Writing STLC Evaluator to explore into structure of proof assistants

I wrote a lambda calculus evaluator to learn how to write a proof assistant.

The evaluator is structured into:

  1. Main interface
  2. Parsing
  3. Printing
  4. Type checking
  5. Normalization

I call it Alonzo N.B.E.. People have had traditional to name STLC evaluators Alonzo for some time now. This evaluator is based on normalization-by-evaluation -strategy, so that's the reason for the name.

The software has not been finished, but I still likely do only few remaining changes during the next two days, then I let it be.

This program has been different to those I've written before in a way that I am mainly determining how clear and easy it is to understand through the types that have been declared.

Main interface

My main issues with statically typed languages and compilers has been that they're intolerant for bad user input. Your best way to see whether something's wrong is evaluation, yet the compiler asks you to figure out what's wrong with minimal explanation of what went wrong.

The point with theorem-proving assisted programming is that you never have to run the program to understand the problems there are. You don't even have to read the program. You can just read from the propositions what kind of properties the program is guaranteed to have.

Though this means that the interaction between user and type checker becomes a fairly major event that should be smooth as possible.

The parser is built to be relisient, such that the user always gets some result from the system as long as he has written at least partially correct program.

main :: IO ()
load_module :: String -> IO Module

The first sign of attempt to make it relisient is the load_module that just returns a module. I still would have work to do in order to do it better. An attempt was done though.

The module may contain portions that failed to parse, it also accumulates any errors the type checker gives during the passthrough.

data Module = Module {
    get_structure :: [Structure],
    get_declarations :: Map.Map String Term,
    get_judgements :: Map.Map String Type,
    get_unchecked :: [String],
    get_checked :: [String] }

data Structure =
    Declaration String
  | Judgement String
  | NoParse [Token]
  | Problems String
  | Errors String [Fail]

The [Structure] describes the structure of the input file. It is recorded to form the output of the program. Declarations and judgements are separated into maps for easy access.

Terms and types are shaped as they come from the parser, even if the typechecking still rejects structures that aren't shaped right.

data Term =
    Var Int
  | App Term Term
  | Abs Term
  | Name String
  | Ann Term Type

data Type = Some String | Arrow Type Type

The parser places everything into the unchecked -list.

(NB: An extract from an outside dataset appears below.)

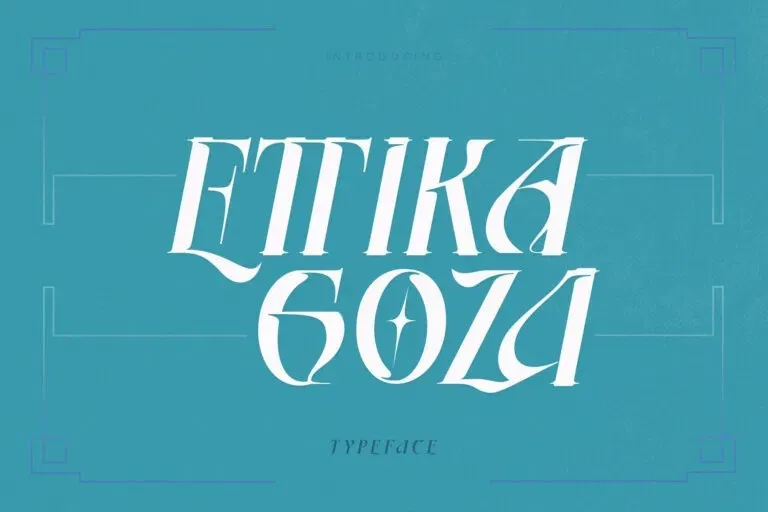 Пример шрифта Ettika Goza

The type checker gets a role of a very ill-natured and systematic Santa Claus with a double-entry bookkeeping system; It removes "kids" from unchecked -list and if they've been "nice", move them to checked -list or then drop the entry while writing a complaint.

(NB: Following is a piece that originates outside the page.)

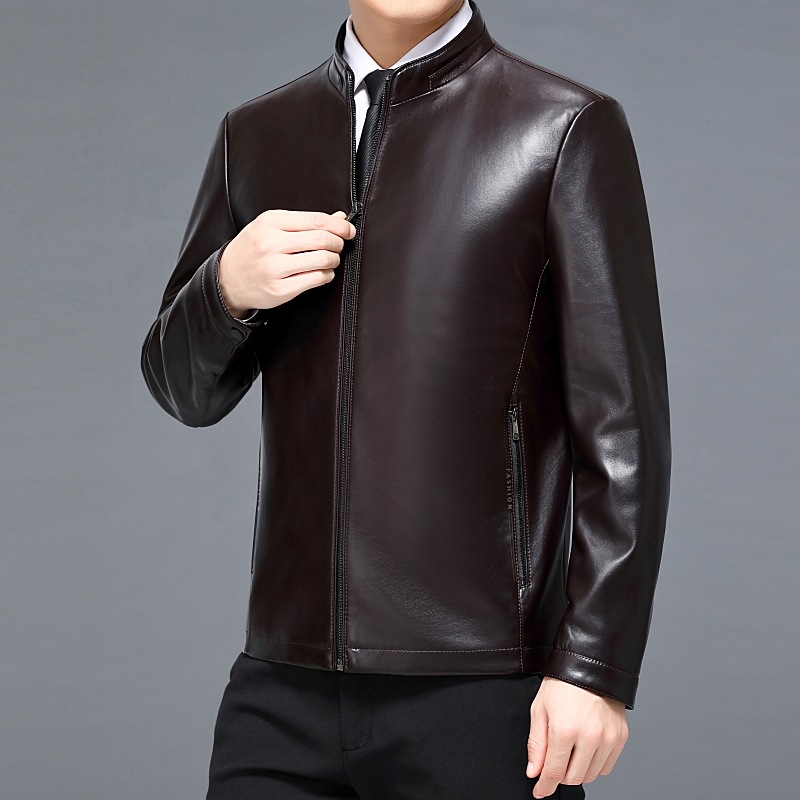 Brand Classic Genuine Leather Clothes Men's Middle-Aged and Elderly New Autumn and Winter Business Casual Leather Top Warm Cold-Resistant Coat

The default mode of the program is to interleave the error report into the code that was passed in, and normalize the parts that correctly typechecked. File quite doesn't come in the exact shape as it was inserted, but quite close.

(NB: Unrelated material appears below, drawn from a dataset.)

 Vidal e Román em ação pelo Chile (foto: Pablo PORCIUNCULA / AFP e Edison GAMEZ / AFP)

Overall I'd like to preserve the shape and structure of the input while where possible, but I'm not sure how to achieve it well.

The pipeline didn't shape-out quite well yet, and it contains only one task mentioned earlier:

normalize_all :: Module -> [Structure] -> [(Module, Structure)]

The last thing done to any module is that it is printed with the given page width counted in characters.

print_module_entry :: Int -> (Module, Structure) -> IO ()

That's about what this program is doing. Now we get to the details, only in slightly more coarse detail than what the type information reveals.


I only describe the syntax informally as that's as accurate explanation as I can give. The implementation is likely incorrect as it is just plain Haskell.

The input is line-based. Every expression is supposed to start with a line that doesn't have space trailing in front. Every indented line is treated as part of a single expression that started with a non-indented line.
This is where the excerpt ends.